I have been looking for an opportunity to try out machine learning and recently had a change. Given my background with ASP.NET, using ML.NET seemed the clear choice as I am already familiar with C# and the .NET ecosystem.
To try out ML.NET, I decided to make a binary classifier which would accept a piece of text and decide if the text is most likely to be related to Star Trek or Star Wars. Not that I am saying one is better (or worse) than the other.
Finding the Data
The first step with any machine learning task is to source the appropriate data to support the model you want to design. In my case, I needed text which would definitively belong to either Star Trek or Star Wars.
I searched Kaggle and found that the scripts for the original Star Wars trilogy were available, along with the scripts for every Star Trek TV series episode. After downloading the files, I moved the data into a spreadsheet as a list of sentences. I then added a column for a label which identified the text as coming from the Star Trek or Star Wars scripts.
Training the Model
Now that the data is ready the next step is to train the model. ML.NET includes a model builder which makes this a relatively painless process.
mlnet classification --dataset "dataset.csv" --label-col Label --has-header true --train-time 600
ML.NET will train and evaluate a variety of models during the specified train time (in this case 10 minutes). At the end of the training time, it will generate a console project showing how to consume the best performing model.
Accounting for Bias
One of the problems with the model was that it was more likely to select Star Trek as the response for a piece of text which didn’t exactly fit a Star Wars quote.
This is due to the large difference in the number of examples for each category. Star Wars had a little over 2,500 examples, while Star Trek had over 187,000 examples. This large imbalance between the example classifications caused the model have a bias towards Star Trek.
To account for this bias, I reduced the number of Star Trek examples to be a number close to the number of total Star Wars examples. To avoid introducing any new bias between the different TV series for Star Trek (for example by characters being missing), I did this by removing a number of rows after each row of data which was kept. This ensured that the data removed was evenly distributed across the scripts.

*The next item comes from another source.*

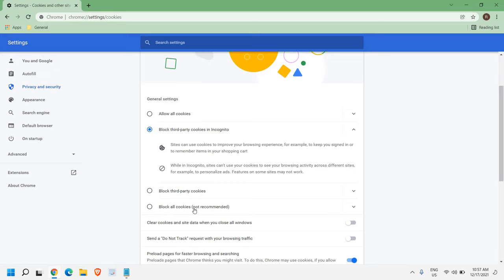So in Google Chrome, if it's selected block or block all, what you can do is you can select this block third party cookies in incognito.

When this process was completed and the model had been trained with the resulting data, it was achieving an accuracy of 71%.
Deploying to the Cloud
To make the model available to use publicly, I created an Azure Static Web App accompanied by a managed Function. The page displays an input for the sentence the user would like to test, and provides a few examples they could choose from as well.
When the text is submitted, an AJAX request is sent to the function which loads the trained model and uses it to predict if a given piece of text is likely to belong to Star Trek or Star Wars and then returns this result to the browser.
I used ML.NET to generate a model to classify a piece of text as being from either Star Trek or Star Wars. This was generated with the ML.NET model builder after the data had been adjusted to make the example classifications more evenly balanced.
The model was then consumed by an Azure Function which is triggered by a HTTP request. This allows a small web app to provide the UI, while an AJAX request is used to send a piece of text to the function so it can be classified by the model.